In all of media land can there be any sweeter, cushier gig than that of newspaper columnist? There is no heavy lifting required. While reporters must report -- that is, find out verifiably true things -- columnists need merely opine, and any 4-year-old can do that. In fact not a few small children can do this rather better than, say, A.M. Rosenthal, whose portentous and not infrequently incoherent "On My Mind" column has for years taken up valuable space on the New York Times' op-ed page.

While the Times' corporate stablemate the Boston Globe has no columnist as reliably, satisfyingly bad as Rosenthal, it does have some close contenders, and recently one of them got hers.

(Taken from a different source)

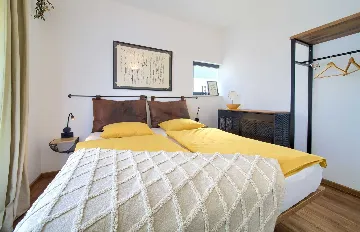 Villa for 7 Guests in Vrbnik with Pool and Sea View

The fallout has been a series of whiny accusations and hissy fits splashed across the pages of this otherwise tedious broadsheet. It provides an object lesson in journalistic arrogance and the refusal of many in the media biz to be held to the same standards of truthfulness and responsibility they require of everyone else. Last week, Patricia Smith, a poet and a 1998 Pulitzer Prize finalist, agreed to resign after admitting to her editors that four people she had recently written about -- and quoted -- had no existence in the world of objects; that is to say, she made them up.

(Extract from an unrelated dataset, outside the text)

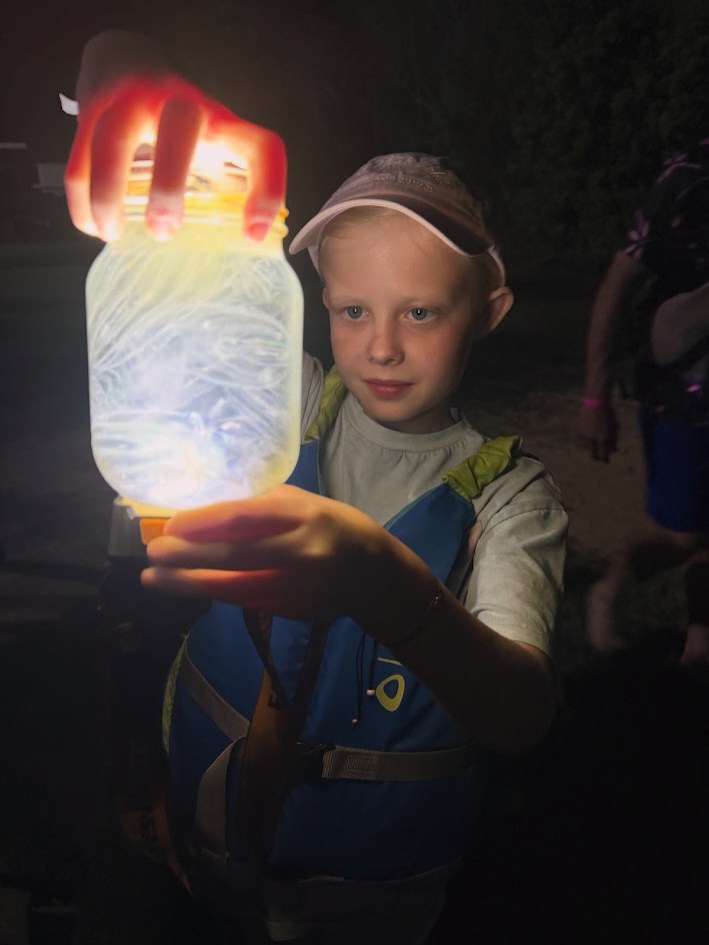 Child holding a glowing jar at night, wearing a cap and life jacket.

Smith's creations were the kind of regular-guy characters without which no local columnist's repertory company is complete. Smith conjured up a cancer patient named "Claire," "Jim Burke," who puts up barricades for the Boston Marathon, a cosmetologist named "Janine Byrne" and "Dorothy Gibson," a local mom.

Smith's twice-weekly specialty at the Globe was leaden irony and righteous indignation, usually directed at The Establishment on behalf of women, blacks and poor people. Her tone was unfailingly strident and, true to form, her farewell column last Friday began as a qualified mea culpa but ended as a spirited "fuck you" to her numerous critics. "I will survive this knowing that the heart of my columns was honest and heartfelt," she wrote, and then went on to promise, "I will write as long as I breathe, despite the dire predictions that this indiscretion spells the end of my career."

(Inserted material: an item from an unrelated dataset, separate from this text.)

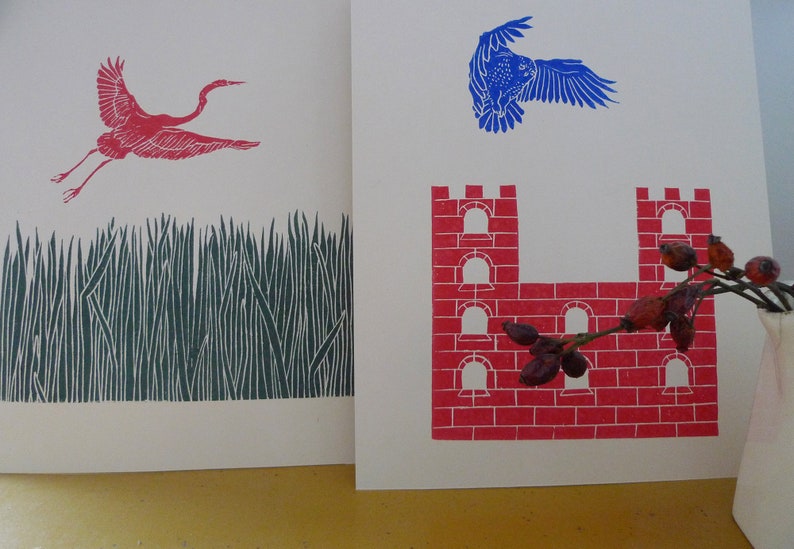 May include: Two pieces of art, one with a red bird flying over a green field and the other with a red brick castle with a branch of red berries.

All this would have been entertaining enough on its own, but on Saturday, the story took an unexpected turn for the even tawdrier when Alan Dershowitz, Harvard Law prof and consigliere to celebrity murderers, accused the Globe of employing a double standard. Dredging up a long-forgotten grievance, the ubiquitous mouthpiece faxed a letter to the Globe charging that while Smith, a black woman, had lost her job for doing no worse than quoting imaginary people, her fellow metro columnist, white guy Mike Barnicle, had gone unpunished for making up an obnoxious remark about Asian women and attributing it, back in a 1990 column, to Dershowitz.